• **Task instructions**:
Each line below must be transcribed exactly, and no picture may appear in the transcription.

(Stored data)
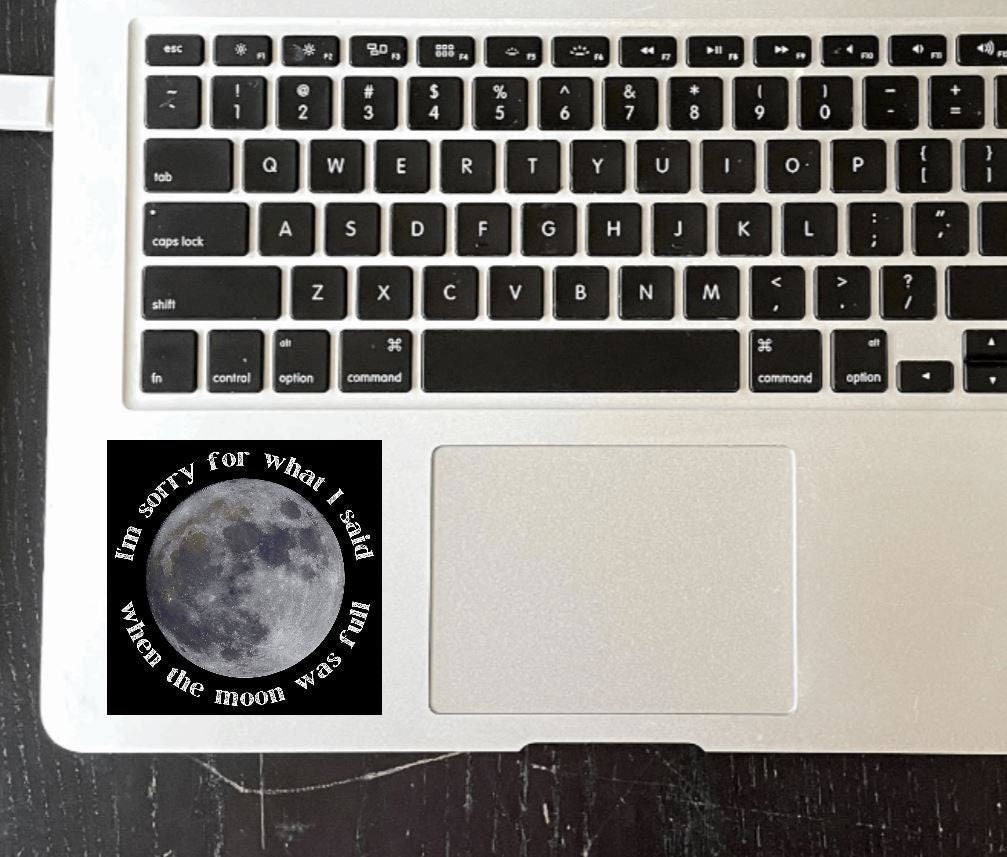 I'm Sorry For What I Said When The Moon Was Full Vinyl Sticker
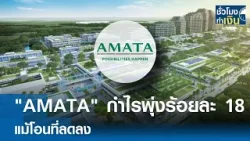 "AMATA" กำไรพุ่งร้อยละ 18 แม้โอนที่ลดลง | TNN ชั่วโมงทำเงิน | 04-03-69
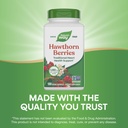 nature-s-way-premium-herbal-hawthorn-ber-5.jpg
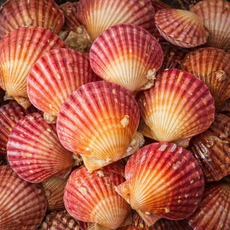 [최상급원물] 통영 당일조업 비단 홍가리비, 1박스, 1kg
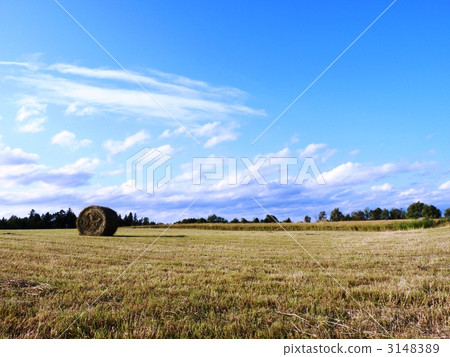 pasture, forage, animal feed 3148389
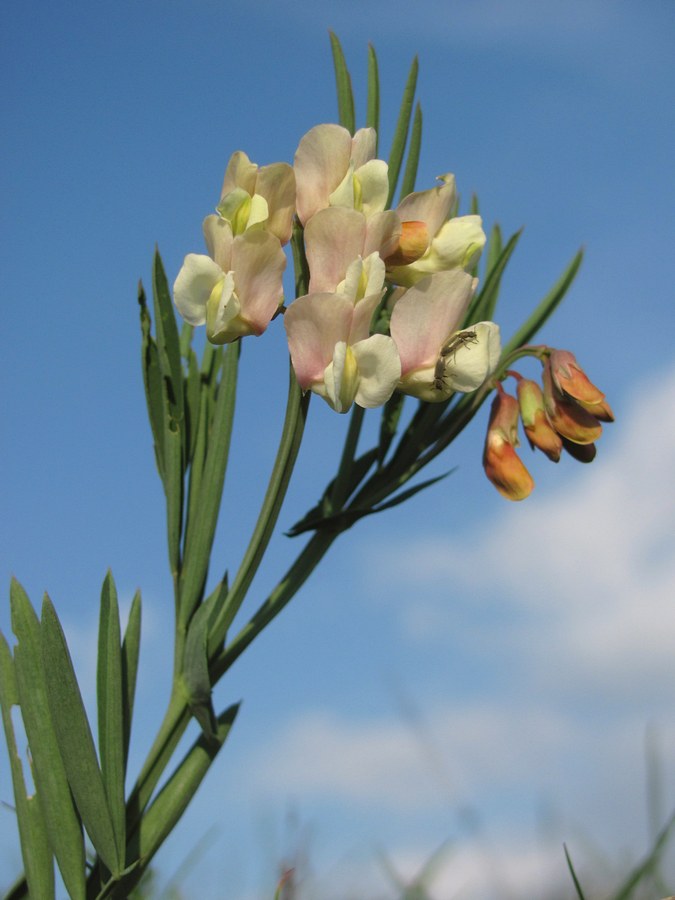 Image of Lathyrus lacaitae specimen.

• **Worked solution**:
 I'm Sorry For What I Said When The Moon Was Full Vinyl Sticker
 "AMATA" กำไรพุ่งร้อยละ 18 แม้โอนที่ลดลง | TNN ชั่วโมงทำเงิน | 04-03-69
 nature-s-way-premium-herbal-hawthorn-ber-5.jpg
 [최상급원물] 통영 당일조업 비단 홍가리비, 1박스, 1kg
 pasture, forage, animal feed 3148389
 Image of Lathyrus lacaitae specimen.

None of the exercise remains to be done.